=== Given records ===
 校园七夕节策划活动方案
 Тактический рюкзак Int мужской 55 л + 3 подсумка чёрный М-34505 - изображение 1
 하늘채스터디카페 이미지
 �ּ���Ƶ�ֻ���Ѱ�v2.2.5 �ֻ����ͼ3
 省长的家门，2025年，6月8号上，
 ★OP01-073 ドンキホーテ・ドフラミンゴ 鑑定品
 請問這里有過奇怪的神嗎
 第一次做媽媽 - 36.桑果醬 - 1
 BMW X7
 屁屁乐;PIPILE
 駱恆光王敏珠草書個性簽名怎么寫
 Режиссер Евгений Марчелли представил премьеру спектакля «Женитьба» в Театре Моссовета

=== Problem details ===
The data above needs to be retyped in full, exactly as given.

=== Output ===
 校园七夕节策划活动方案
 Тактический рюкзак Int мужской 55 л + 3 подсумка чёрный М-34505 - изображение 1
 하늘채스터디카페 이미지
 �ּ���Ƶ�ֻ���Ѱ�v2.2.5 �ֻ����ͼ3
 省长的家门，2025年，6月8号上，
 ★OP01-073 ドンキホーテ・ドフラミンゴ 鑑定品
 請問這里有過奇怪的神嗎
 第一次做媽媽 - 36.桑果醬 - 1
 BMW X7
 屁屁乐;PIPILE
 駱恆光王敏珠草書個性簽名怎么寫
 Режиссер Евгений Марчелли представил премьеру спектакля «Женитьба» в Театре Моссовета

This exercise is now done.